▸ Work required:
Look through the records below for the line holding "However, diversity audits". Write it out exactly, with each following line through the line holding "Thanks again for".

*** Provided records Section Begins ***

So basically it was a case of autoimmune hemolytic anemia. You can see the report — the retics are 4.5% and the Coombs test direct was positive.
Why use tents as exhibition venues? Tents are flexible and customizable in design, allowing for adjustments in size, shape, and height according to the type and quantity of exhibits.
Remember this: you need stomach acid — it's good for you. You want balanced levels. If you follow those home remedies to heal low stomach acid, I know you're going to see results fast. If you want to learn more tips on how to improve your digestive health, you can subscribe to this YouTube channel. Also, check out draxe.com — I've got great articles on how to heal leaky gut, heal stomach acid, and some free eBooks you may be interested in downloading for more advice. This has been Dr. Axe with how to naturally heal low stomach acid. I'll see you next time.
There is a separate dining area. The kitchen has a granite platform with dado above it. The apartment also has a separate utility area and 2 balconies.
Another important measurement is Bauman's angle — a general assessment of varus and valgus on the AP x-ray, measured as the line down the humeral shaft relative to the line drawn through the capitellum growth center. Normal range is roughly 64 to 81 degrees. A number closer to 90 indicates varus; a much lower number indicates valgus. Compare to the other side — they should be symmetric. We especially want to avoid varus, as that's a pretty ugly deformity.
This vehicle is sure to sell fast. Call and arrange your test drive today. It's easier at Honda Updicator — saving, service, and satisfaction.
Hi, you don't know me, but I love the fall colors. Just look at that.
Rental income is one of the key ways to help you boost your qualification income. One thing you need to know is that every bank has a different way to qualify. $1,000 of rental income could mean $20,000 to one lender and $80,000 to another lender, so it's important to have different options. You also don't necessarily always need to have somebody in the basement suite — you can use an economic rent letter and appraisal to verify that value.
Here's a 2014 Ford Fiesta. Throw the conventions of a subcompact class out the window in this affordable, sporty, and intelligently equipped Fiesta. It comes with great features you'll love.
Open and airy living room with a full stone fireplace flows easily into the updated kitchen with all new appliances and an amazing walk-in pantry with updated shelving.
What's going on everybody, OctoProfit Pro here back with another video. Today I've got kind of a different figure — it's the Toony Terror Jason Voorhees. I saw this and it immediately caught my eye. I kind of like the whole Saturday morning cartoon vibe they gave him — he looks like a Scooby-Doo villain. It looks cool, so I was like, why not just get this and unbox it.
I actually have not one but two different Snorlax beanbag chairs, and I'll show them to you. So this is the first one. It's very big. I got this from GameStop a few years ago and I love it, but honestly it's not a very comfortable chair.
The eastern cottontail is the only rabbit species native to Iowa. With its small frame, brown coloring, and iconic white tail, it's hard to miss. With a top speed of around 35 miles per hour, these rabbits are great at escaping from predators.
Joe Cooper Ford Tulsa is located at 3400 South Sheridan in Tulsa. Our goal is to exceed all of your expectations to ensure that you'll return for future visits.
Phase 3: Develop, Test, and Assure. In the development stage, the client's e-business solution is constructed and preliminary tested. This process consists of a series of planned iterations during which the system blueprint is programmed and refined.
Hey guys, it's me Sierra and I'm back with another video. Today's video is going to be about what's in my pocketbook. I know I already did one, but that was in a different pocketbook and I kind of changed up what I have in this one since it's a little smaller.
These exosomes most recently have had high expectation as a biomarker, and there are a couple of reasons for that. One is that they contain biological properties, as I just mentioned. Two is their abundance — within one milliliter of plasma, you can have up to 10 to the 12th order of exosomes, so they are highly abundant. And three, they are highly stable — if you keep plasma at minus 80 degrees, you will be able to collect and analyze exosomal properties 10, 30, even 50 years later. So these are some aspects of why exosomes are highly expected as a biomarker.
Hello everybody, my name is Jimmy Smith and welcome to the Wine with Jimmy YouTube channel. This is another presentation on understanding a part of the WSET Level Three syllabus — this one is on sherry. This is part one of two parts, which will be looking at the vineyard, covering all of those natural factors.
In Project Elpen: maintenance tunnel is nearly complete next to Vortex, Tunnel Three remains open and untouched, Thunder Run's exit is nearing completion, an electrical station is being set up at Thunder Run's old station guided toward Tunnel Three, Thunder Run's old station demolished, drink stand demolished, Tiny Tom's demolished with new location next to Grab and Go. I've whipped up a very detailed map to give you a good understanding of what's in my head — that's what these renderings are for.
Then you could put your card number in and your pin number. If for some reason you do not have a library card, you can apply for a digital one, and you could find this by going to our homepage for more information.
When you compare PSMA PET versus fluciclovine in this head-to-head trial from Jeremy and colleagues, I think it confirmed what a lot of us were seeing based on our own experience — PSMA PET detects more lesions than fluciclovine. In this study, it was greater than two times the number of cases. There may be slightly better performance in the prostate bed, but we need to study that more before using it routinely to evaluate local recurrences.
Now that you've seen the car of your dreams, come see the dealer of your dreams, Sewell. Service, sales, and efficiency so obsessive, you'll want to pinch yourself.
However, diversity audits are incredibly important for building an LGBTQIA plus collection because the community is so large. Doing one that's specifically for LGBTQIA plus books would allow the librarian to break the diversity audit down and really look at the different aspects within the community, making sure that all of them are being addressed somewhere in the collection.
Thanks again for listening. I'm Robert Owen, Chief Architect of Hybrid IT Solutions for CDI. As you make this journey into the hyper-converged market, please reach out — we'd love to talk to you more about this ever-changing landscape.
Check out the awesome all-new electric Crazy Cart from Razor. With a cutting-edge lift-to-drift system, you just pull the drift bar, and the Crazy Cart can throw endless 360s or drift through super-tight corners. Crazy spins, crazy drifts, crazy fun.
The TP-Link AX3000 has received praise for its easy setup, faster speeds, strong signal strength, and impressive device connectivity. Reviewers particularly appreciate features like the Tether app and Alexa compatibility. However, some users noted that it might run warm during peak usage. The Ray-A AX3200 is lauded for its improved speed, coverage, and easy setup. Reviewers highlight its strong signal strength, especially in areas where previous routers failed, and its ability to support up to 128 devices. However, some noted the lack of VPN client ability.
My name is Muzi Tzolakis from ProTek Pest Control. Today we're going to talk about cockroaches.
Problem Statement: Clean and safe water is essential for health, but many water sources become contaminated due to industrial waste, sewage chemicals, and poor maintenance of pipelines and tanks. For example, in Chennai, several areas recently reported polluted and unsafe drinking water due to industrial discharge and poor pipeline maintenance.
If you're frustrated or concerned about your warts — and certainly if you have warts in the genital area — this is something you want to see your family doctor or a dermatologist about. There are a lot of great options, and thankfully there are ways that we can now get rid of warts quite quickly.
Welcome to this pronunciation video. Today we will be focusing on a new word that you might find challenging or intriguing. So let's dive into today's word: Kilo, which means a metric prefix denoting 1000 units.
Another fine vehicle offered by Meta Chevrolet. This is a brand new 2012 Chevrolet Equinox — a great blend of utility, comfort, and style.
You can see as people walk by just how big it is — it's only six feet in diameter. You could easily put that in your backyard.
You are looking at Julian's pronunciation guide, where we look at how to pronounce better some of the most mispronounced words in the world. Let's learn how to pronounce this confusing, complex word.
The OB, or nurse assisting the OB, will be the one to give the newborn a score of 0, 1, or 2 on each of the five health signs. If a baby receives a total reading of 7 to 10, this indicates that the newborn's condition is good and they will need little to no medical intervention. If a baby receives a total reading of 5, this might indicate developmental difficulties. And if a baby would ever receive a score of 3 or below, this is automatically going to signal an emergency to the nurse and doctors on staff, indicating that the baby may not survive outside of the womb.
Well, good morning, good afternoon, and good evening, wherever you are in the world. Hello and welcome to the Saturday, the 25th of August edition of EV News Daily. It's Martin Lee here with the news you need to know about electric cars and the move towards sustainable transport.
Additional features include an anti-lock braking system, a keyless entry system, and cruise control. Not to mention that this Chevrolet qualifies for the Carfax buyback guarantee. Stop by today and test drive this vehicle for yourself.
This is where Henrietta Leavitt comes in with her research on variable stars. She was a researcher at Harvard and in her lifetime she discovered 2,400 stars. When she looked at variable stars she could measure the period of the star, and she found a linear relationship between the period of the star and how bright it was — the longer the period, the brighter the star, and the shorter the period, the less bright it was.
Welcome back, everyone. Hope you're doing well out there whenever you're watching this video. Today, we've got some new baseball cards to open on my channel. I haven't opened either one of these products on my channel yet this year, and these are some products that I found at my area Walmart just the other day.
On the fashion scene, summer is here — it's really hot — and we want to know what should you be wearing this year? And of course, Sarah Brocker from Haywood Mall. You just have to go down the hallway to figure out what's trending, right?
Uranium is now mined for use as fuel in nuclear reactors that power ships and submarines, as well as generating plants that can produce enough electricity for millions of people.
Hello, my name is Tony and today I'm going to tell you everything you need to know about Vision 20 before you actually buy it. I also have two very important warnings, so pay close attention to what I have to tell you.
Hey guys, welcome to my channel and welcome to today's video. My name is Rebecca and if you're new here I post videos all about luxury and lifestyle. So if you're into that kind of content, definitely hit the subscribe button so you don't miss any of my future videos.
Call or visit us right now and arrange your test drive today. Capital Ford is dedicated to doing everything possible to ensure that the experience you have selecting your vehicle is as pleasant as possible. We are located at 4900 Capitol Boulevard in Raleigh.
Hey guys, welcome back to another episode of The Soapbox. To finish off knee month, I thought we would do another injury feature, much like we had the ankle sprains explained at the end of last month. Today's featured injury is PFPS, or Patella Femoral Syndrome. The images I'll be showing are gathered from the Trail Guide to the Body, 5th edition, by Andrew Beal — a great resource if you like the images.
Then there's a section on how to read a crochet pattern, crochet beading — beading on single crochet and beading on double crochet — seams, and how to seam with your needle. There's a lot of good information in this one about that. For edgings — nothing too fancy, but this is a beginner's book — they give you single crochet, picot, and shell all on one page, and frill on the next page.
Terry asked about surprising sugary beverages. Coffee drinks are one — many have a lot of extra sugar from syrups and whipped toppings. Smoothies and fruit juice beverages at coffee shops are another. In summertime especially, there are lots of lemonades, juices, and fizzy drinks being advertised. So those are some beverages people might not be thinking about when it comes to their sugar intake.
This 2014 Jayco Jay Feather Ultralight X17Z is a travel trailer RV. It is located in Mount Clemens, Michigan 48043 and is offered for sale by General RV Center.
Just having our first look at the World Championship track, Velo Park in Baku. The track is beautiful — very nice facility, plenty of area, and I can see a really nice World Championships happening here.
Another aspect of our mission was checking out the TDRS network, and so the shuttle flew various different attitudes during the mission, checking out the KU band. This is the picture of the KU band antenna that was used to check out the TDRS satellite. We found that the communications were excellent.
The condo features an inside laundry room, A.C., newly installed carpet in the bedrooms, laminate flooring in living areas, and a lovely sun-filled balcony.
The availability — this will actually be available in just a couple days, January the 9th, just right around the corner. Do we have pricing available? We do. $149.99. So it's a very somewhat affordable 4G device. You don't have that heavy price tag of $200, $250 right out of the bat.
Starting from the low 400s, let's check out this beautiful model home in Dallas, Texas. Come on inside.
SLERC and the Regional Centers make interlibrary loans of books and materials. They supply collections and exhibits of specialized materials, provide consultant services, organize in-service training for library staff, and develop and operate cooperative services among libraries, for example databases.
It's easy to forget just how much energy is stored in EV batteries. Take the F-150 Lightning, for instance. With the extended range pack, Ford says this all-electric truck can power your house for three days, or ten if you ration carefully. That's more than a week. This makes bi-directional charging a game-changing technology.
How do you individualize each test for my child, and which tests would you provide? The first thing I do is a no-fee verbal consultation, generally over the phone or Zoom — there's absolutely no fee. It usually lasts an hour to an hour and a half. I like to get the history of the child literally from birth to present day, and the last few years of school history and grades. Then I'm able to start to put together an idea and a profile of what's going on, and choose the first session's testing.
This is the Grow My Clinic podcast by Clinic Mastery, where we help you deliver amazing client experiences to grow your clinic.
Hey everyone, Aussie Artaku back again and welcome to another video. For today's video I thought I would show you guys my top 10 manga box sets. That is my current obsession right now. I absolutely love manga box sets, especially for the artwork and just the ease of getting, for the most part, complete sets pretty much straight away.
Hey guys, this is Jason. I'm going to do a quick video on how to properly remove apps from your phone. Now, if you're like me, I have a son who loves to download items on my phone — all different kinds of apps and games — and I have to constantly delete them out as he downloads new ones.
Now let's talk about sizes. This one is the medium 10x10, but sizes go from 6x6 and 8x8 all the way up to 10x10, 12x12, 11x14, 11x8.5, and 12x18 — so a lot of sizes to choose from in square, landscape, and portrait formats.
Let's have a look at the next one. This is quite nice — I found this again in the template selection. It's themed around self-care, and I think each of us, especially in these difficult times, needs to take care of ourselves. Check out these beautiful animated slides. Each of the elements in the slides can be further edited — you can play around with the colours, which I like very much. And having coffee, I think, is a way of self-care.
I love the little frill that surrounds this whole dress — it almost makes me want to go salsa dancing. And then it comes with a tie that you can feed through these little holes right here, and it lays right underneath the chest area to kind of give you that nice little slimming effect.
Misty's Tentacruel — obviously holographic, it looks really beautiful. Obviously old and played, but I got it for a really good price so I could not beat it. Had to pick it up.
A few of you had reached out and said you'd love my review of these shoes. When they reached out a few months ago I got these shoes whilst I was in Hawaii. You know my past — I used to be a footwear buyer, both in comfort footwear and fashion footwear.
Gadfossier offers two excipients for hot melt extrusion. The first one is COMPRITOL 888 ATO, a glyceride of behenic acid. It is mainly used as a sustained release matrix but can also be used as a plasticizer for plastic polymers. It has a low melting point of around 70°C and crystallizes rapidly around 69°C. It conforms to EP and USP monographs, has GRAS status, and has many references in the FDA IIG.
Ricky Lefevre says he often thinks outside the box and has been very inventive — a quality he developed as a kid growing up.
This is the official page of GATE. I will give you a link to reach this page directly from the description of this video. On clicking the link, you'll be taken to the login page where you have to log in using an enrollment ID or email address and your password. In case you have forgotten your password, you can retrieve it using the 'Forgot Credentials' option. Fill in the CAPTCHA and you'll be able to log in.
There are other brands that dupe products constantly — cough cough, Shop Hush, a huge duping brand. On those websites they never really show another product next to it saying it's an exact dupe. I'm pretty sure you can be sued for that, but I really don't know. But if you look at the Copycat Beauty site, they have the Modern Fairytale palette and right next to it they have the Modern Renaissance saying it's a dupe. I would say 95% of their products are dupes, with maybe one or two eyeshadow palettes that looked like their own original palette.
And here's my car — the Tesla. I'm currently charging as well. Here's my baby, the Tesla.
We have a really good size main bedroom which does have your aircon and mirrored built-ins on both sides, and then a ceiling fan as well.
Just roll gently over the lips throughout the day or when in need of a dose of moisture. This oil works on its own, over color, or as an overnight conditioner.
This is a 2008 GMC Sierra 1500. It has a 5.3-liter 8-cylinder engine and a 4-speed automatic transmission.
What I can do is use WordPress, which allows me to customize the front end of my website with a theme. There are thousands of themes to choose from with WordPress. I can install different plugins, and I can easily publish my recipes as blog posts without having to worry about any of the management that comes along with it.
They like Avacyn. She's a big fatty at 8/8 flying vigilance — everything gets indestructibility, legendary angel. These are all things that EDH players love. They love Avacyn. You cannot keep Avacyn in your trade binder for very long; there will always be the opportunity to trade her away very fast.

*** Provided records Section Ends ***

▸ Response to the exercise:
However, diversity audits are incredibly important for building an LGBTQIA plus collection because the community is so large. Doing one that's specifically for LGBTQIA plus books would allow the librarian to break the diversity audit down and really look at the different aspects within the community, making sure that all of them are being addressed somewhere in the collection.
Thanks again for listening. I'm Robert Owen, Chief Architect of Hybrid IT Solutions for CDI. As you make this journey into the hyper-converged market, please reach out — we'd love to talk to you more about this ever-changing landscape.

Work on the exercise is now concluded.